The scheduled called for a tempo run of 5 miles at 6:19 pace. To be safe, I settled on running the first half at marathon pace (6:52) and then transitioning to tempo pace only if I felt comfortable. Because my legs hadn’t run in a couple of days and had not experienced speedwork in a week and a half, they were excited for the opportunity to run fast even if the rest of the body wasn’t. After setting the treadmill to include random inclines at a steady 6:50 pace, I started running. The pace felt hard and fast right from the outset. Although I fought to hold the breathing and heart rate to a comfortable level, it became almost impossible after 0.5 mile. As I was getting disappointed that I was slipping so soon, I puckered down, closed my eyes, and pleaded with the body to just hold on until the end of the mile. As soon as I did I felt the treadmill tilted upward. With my eyes closed, I couldn’t register what was happening so I instinctively told myself to keep the same effort as I opened my eyes in a panic. But before those neuronal impulses became coherent, I inexplicably found myself slipping farther and farther backwards until a second later I found myself running on carpet behind the treadmill! It took me nearly a second to realize that because I had forgotten about the random adjustable incline and because I did not increase my pace in response to that incline, I had just done the most embarrassing thing this side of faking the finish of a marathon – I ran off a treadmill in the middle of a crowded NYC gym. Omigosh! First thought in my head: There should be a giant caption bubble above my head right now with the words “Wanna get away?” Second thought in my head: Is there anyone around who isn’t looking at me right now? Third thought in my head: I’m wearing my San Fran marathon shirt...spectacular…what a shining example of a great marathon runner am I? I didn’t dare look around. But even above the loud ambience of the hundreds of treadmills in operation in that same room and my own headphones pumping out tunes into my ears, I could still hear the muffled giggles and feel the laser stares of a thousand eyes straight on my back. It truly had to be one of the lowest points of my running life!

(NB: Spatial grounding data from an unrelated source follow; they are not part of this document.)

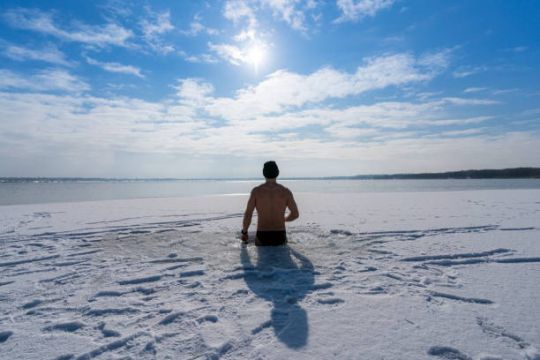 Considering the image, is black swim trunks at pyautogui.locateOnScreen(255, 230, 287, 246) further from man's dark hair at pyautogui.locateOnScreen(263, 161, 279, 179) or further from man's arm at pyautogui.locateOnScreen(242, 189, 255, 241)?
man's dark hair at pyautogui.locateOnScreen(263, 161, 279, 179)

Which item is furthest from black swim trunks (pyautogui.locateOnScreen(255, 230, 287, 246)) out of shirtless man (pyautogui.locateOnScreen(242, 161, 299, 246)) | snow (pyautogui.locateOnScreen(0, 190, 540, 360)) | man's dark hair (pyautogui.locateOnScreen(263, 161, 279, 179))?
man's dark hair (pyautogui.locateOnScreen(263, 161, 279, 179))

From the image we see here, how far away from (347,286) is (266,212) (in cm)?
228

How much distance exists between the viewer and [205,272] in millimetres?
4621

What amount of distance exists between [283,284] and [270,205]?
1947mm

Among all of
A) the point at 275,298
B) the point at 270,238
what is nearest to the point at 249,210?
the point at 270,238

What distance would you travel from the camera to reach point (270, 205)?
575cm

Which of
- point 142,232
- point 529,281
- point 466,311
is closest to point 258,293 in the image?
point 466,311

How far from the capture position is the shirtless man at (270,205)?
5715mm

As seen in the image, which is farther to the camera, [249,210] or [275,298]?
[249,210]

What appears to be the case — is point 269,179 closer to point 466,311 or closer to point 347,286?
point 347,286

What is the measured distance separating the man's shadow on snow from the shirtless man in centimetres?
32

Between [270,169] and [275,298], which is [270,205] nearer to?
[270,169]

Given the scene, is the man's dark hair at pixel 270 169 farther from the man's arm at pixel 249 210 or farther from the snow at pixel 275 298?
the snow at pixel 275 298

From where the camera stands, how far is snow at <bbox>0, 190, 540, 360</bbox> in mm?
2596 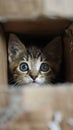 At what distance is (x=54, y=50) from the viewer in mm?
1383

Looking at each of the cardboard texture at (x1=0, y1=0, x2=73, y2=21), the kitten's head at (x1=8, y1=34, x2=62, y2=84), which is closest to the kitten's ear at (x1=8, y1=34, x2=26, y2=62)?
the kitten's head at (x1=8, y1=34, x2=62, y2=84)

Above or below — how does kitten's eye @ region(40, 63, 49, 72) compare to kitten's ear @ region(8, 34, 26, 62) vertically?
below

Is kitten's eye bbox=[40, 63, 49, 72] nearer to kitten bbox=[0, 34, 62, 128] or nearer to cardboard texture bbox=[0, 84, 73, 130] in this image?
kitten bbox=[0, 34, 62, 128]

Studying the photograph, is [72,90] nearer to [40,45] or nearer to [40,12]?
[40,12]

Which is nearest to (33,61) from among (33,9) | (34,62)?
(34,62)

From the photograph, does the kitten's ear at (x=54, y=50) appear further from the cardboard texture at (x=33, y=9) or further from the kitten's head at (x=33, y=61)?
the cardboard texture at (x=33, y=9)

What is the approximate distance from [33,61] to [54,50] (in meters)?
0.11

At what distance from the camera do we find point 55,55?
4.55 feet

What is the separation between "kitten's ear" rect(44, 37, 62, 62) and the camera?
1.30m

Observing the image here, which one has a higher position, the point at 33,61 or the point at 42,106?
the point at 33,61

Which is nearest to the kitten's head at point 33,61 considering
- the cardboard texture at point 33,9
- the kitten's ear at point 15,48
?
the kitten's ear at point 15,48

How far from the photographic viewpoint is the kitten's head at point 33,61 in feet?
4.25

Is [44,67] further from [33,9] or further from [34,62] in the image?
[33,9]

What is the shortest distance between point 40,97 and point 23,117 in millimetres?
48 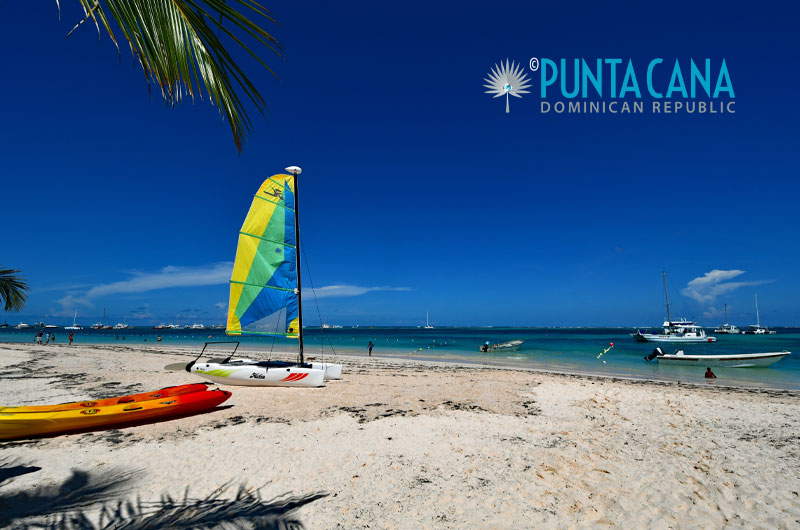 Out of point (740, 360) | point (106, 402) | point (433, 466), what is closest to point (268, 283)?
point (106, 402)

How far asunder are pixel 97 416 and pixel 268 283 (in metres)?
7.63

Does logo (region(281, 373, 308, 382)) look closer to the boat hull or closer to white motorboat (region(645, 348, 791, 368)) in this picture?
white motorboat (region(645, 348, 791, 368))

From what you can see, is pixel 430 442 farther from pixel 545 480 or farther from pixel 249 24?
pixel 249 24

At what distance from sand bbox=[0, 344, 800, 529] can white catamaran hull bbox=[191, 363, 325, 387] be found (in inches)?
81.5

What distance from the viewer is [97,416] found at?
8.88 meters

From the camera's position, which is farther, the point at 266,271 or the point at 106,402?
the point at 266,271

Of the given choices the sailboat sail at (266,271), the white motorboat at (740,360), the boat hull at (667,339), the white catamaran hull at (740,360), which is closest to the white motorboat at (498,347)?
the white motorboat at (740,360)

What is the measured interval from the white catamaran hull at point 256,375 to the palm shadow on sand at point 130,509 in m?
8.33

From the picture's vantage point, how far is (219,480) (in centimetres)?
670

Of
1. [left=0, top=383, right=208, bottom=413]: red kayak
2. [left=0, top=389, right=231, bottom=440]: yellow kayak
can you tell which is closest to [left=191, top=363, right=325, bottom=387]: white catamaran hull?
[left=0, top=383, right=208, bottom=413]: red kayak

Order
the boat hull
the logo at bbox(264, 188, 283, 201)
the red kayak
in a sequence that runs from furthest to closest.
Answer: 1. the boat hull
2. the logo at bbox(264, 188, 283, 201)
3. the red kayak

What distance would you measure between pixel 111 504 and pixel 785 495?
413 inches

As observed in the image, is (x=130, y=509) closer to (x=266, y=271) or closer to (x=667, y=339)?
(x=266, y=271)

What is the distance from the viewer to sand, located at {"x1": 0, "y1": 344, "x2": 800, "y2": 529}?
5633 mm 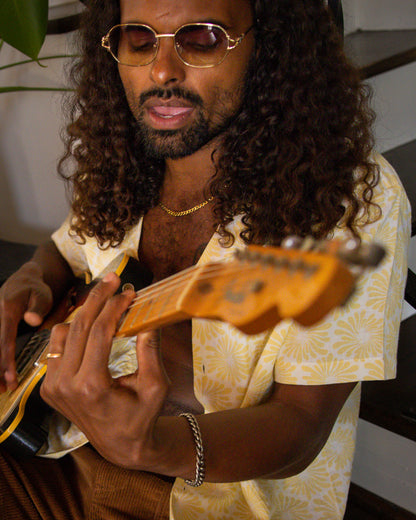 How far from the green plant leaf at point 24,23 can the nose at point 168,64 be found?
0.47 m

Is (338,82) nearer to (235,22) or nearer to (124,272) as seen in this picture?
(235,22)

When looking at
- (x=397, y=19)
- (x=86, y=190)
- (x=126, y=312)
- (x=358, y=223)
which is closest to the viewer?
(x=126, y=312)

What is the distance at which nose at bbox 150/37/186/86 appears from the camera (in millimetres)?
1104

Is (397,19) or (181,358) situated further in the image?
(397,19)

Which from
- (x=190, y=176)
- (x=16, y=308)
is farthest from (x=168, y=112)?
(x=16, y=308)

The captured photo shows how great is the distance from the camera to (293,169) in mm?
1102

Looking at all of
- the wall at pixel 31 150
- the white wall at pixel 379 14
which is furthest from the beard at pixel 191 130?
the white wall at pixel 379 14

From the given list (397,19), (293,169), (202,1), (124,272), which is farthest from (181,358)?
(397,19)

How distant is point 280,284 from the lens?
55 cm

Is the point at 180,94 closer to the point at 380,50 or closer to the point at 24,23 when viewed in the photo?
the point at 24,23

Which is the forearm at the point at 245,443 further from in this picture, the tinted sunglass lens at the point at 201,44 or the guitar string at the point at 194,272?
the tinted sunglass lens at the point at 201,44

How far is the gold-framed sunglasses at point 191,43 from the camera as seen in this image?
3.56ft

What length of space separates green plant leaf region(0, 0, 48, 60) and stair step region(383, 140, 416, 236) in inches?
37.1

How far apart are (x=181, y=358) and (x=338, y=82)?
601 millimetres
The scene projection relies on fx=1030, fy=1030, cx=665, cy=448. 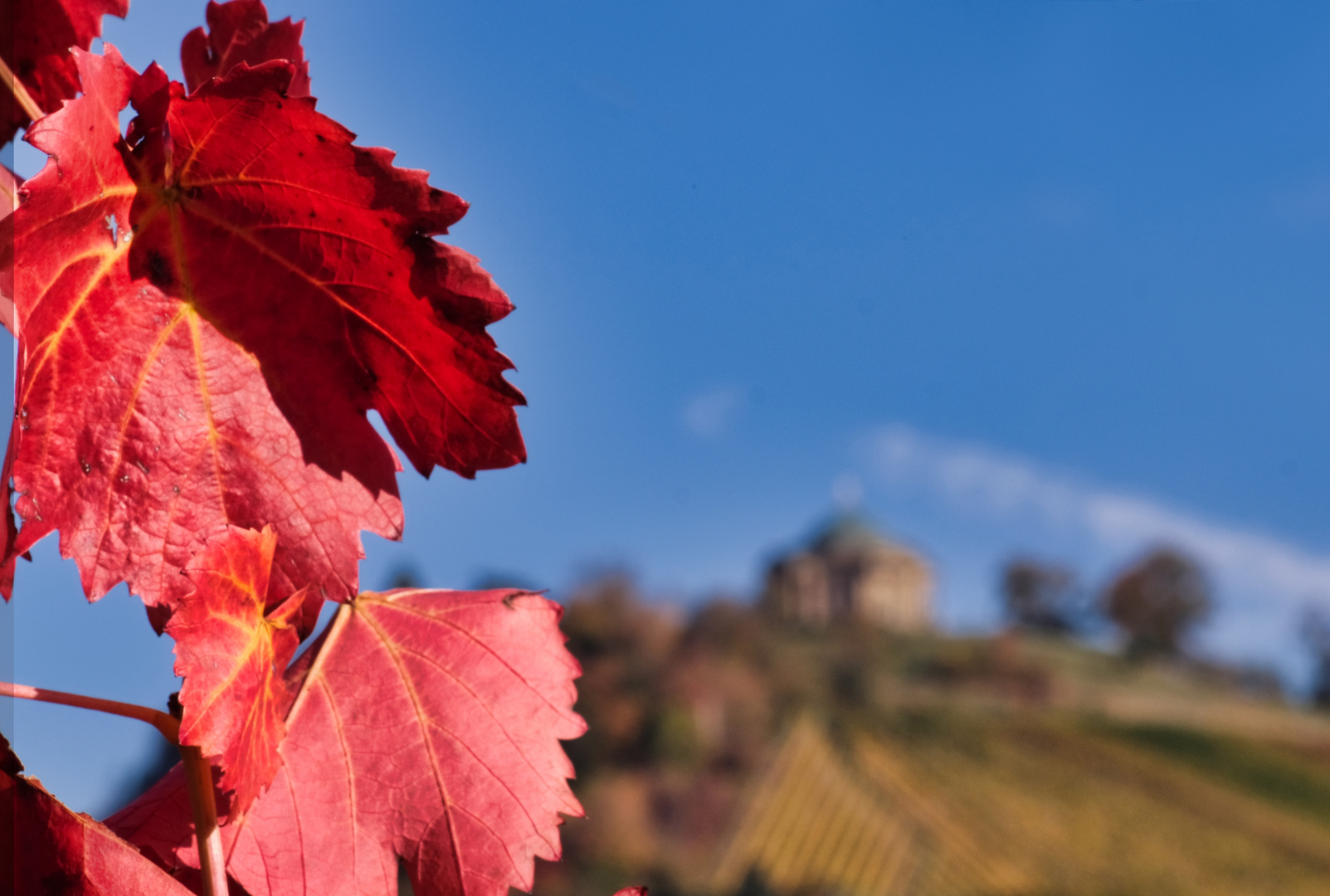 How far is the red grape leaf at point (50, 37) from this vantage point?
0.19m

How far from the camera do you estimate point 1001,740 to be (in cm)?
1053

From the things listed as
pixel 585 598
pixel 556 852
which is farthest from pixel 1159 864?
pixel 556 852

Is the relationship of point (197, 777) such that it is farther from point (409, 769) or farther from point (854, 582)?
point (854, 582)

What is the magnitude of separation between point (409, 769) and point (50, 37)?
0.49ft

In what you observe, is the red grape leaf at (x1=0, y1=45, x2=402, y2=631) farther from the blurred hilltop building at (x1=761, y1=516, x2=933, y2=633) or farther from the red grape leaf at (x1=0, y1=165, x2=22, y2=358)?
the blurred hilltop building at (x1=761, y1=516, x2=933, y2=633)

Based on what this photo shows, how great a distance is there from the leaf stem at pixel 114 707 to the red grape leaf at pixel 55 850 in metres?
0.01

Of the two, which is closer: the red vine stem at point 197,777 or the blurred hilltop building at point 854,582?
the red vine stem at point 197,777

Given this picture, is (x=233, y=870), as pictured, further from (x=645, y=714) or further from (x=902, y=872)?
(x=645, y=714)

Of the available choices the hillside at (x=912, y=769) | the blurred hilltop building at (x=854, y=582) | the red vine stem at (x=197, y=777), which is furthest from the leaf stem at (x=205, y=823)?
the blurred hilltop building at (x=854, y=582)

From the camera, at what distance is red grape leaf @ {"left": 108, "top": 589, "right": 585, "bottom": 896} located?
17cm

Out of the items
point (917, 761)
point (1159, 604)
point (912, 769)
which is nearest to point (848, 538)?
point (1159, 604)

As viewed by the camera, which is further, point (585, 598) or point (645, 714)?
point (585, 598)

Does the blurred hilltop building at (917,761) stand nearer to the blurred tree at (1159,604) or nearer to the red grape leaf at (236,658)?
the blurred tree at (1159,604)

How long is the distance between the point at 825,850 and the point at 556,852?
7755 millimetres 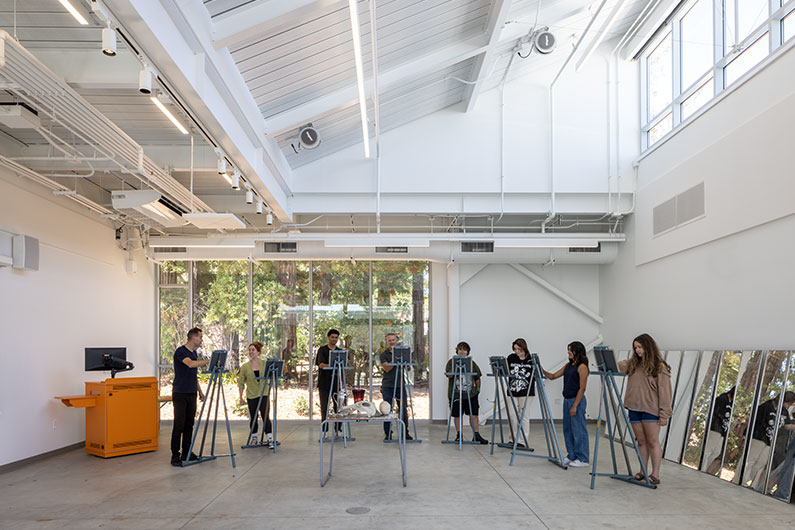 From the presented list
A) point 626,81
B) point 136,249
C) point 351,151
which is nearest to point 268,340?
point 136,249

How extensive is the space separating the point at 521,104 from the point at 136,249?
6.59 meters

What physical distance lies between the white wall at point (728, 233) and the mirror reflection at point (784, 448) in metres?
0.52

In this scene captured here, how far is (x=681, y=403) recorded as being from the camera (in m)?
7.67

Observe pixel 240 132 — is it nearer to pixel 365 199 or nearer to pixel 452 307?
pixel 365 199

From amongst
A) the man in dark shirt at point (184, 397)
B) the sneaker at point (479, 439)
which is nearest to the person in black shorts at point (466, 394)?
the sneaker at point (479, 439)

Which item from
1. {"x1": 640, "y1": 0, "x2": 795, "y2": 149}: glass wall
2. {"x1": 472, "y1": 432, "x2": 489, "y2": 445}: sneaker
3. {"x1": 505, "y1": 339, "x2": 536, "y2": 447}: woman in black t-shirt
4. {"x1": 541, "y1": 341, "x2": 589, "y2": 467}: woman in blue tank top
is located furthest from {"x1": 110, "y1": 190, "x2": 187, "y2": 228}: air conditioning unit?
{"x1": 640, "y1": 0, "x2": 795, "y2": 149}: glass wall

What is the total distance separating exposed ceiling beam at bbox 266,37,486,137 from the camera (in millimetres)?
7055

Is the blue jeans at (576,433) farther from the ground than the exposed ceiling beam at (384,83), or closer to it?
closer to it

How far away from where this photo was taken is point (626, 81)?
388 inches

Somehow, despite the whole fiasco, I had the whereabouts to jump back on the treadmill and power down the machine to a more meaningful speed. I then proceeded to run at that same pedestrian speed for thirty minutes, or as long a period of time as I thought it would take for the rest of the gym to turn over. During that entire time, I didn’t look up, but stared at the flickering red digits on the display until time was up. The funny thing about that run was that I ran so slowly and so evenly that for a long time during it, I forgot that I was still sick. No matter though, the trauma for that night had already been done a long time ago…
So there it is folks. The mystery of the ONE time the treadmill took advantage of my sickness, rejected my running efforts, spat me back out, and left me with my most embarrassing running story ever!
Hope you all enjoyed that because I’m NOT repeating it ever again! Consider it my Passover/Easter present. Have a great weekend everyone!